Data excerpt:
BEGIN

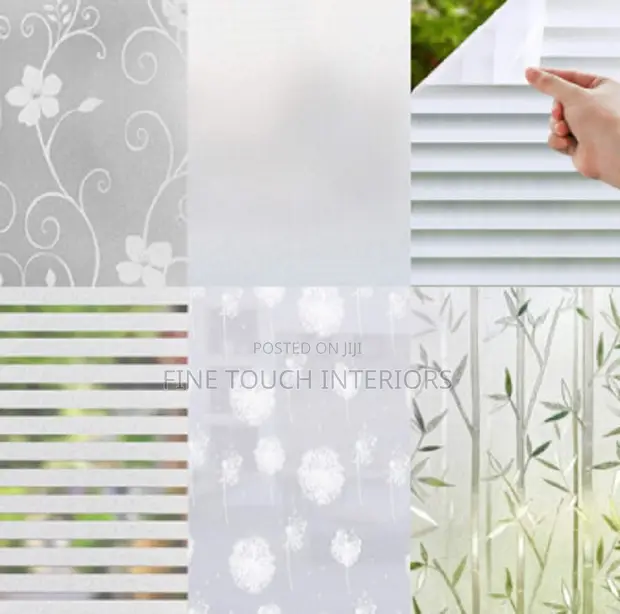 Frosted Window Tint - Faragha na Mtindo - 1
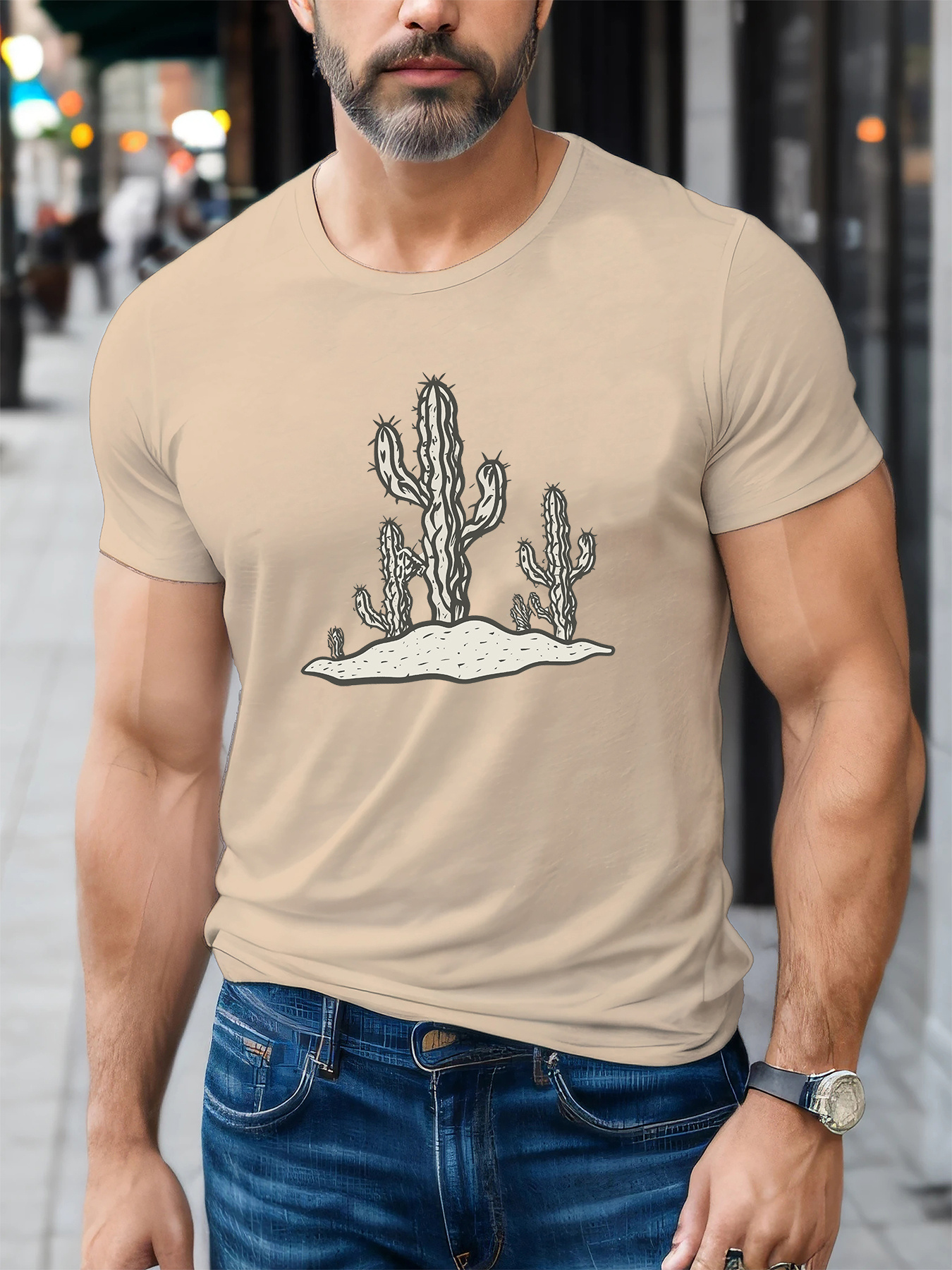 Lässiges „Cactus Jack“-T-Shirt Für Herren, Trendiges Rundhals-T-Shirt Für  Den Sommer - Temu Germany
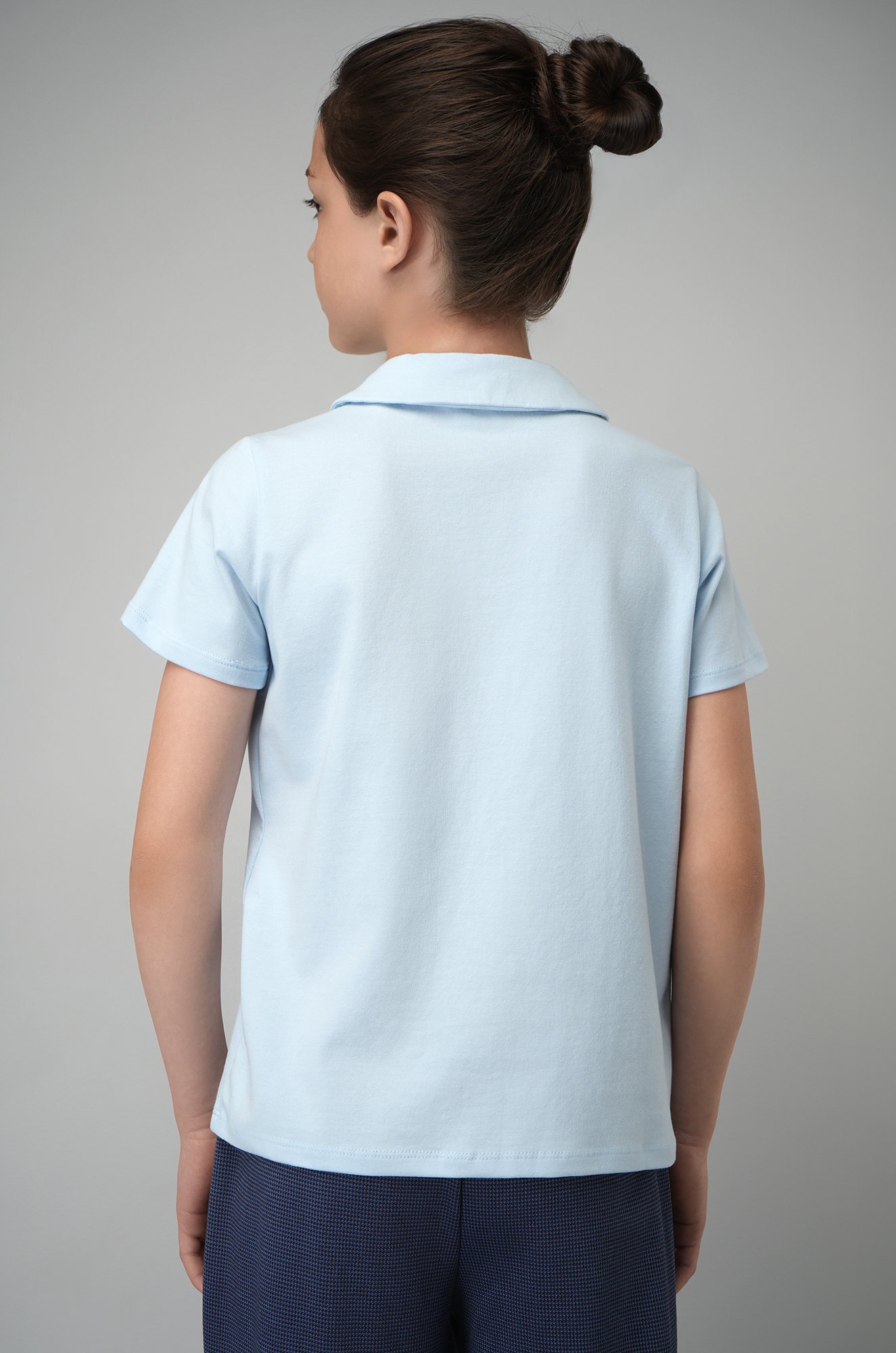 Блузка-поло с коротким рукавом для девочки Happyfox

END

Exercise goal:
Set down the data exactly as it appears, without any images.

Problem solution:
 Frosted Window Tint - Faragha na Mtindo - 1
 Lässiges „Cactus Jack“-T-Shirt Für Herren, Trendiges Rundhals-T-Shirt Für  Den Sommer - Temu Germany
 Блузка-поло с коротким рукавом для девочки Happyfox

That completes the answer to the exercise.